Wie richte ich den SafePal X1 ein?
Die Einrichtung des SafePal X1 ist einfach:
Schalten Sie das Gerät ein und folgen Sie den Anweisungen auf dem Bildschirm, um ein neues Wallet zu erstellen oder ein bestehendes wiederherzustellen.
Das Gerät generiert eine 24-Wörter-BIP-39-Wiederherstellungsphrase — schreiben Sie diese offline auf und bewahren Sie sie sicher auf.
Optional können Sie eine BIP-39-Passphrase für eine zusätzliche Schutzebene hinzufügen.
Installieren Sie die SafePal App auf iOS oder Android und koppeln Sie das Gerät über Bluetooth oder USB.
Die App unterstützt auch Windows, macOS und Linux.

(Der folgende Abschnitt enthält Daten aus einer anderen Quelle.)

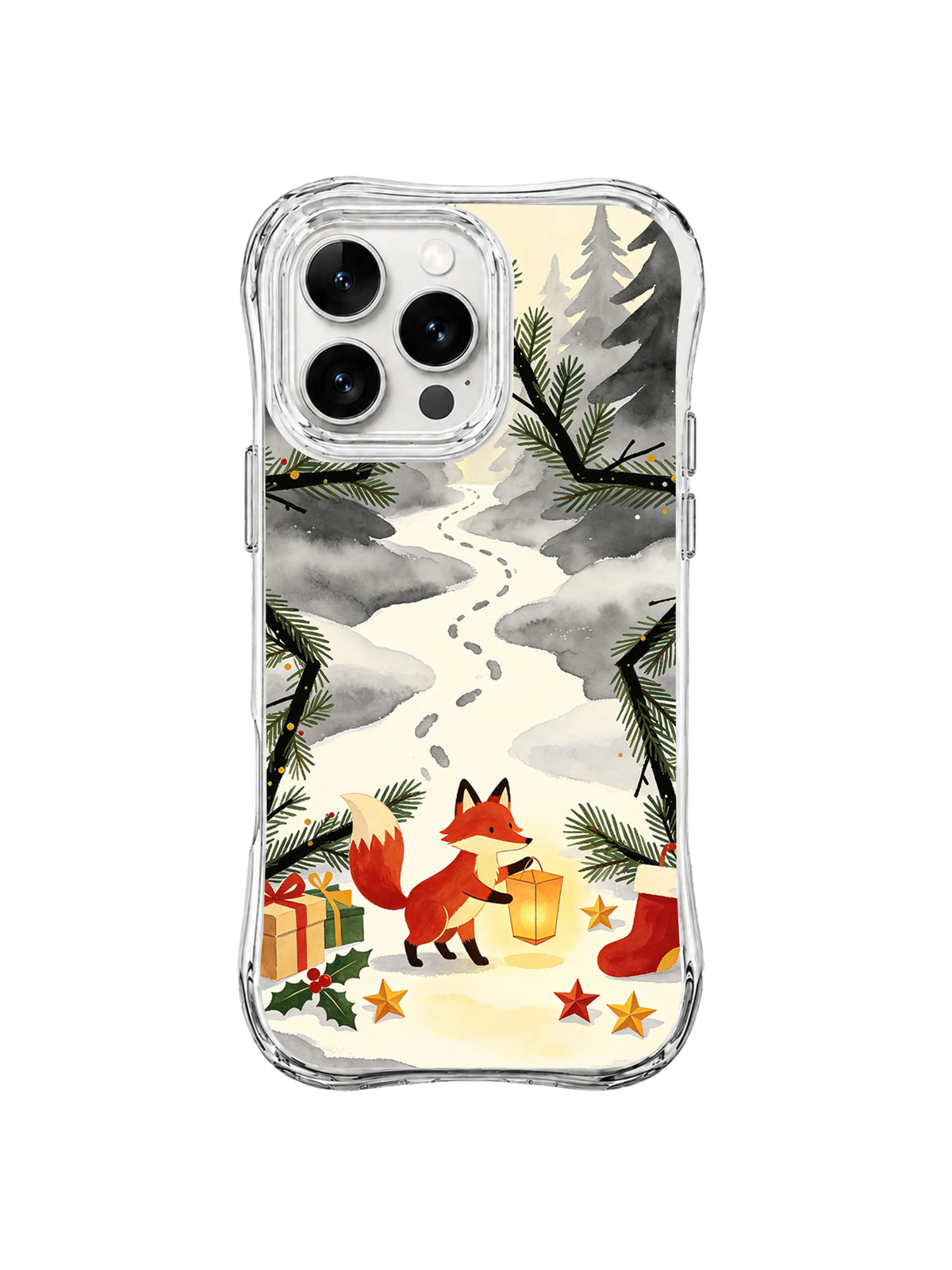 Lantern fox iPhone 15 Pro case with pine branches, wrapped gifts and misty forest trail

Der gesamte Prozess dauert in der Regel weniger als 10 Minuten.
Hat der SafePal X1 bekannte Sicherheitslücken oder Bedenken?
Zum Zeitpunkt der Erstellung dieses Textes wurden keine kritischen öffentlichen Exploits für den SafePal X1 offengelegt. Die wichtigste dokumentierte Sorge ist das Fehlen von reproduzierbaren Builds, was bedeutet, dass die Community die Integrität der Firmware nicht vollständig unabhängig überprüfen kann. Außerdem erweitert die Bluetooth-Konnektivität, obwohl sie praktisch ist, theoretisch die Angriffsfläche im Vergleich zu luftisolierten Geräten. SafePal hat Sicherheitsprüfungen veröffentlicht und unterhält ein Open-Source-Repository, das eine fortlaufende Überprüfung durch die Community ermöglicht. Wie bei jedem Hardware-Wallet bleibt die physische Sicherheit des Geräts und das Offline-Backup Ihrer Wiederherstellungsphrase der wichtigste Faktor in der Praxis.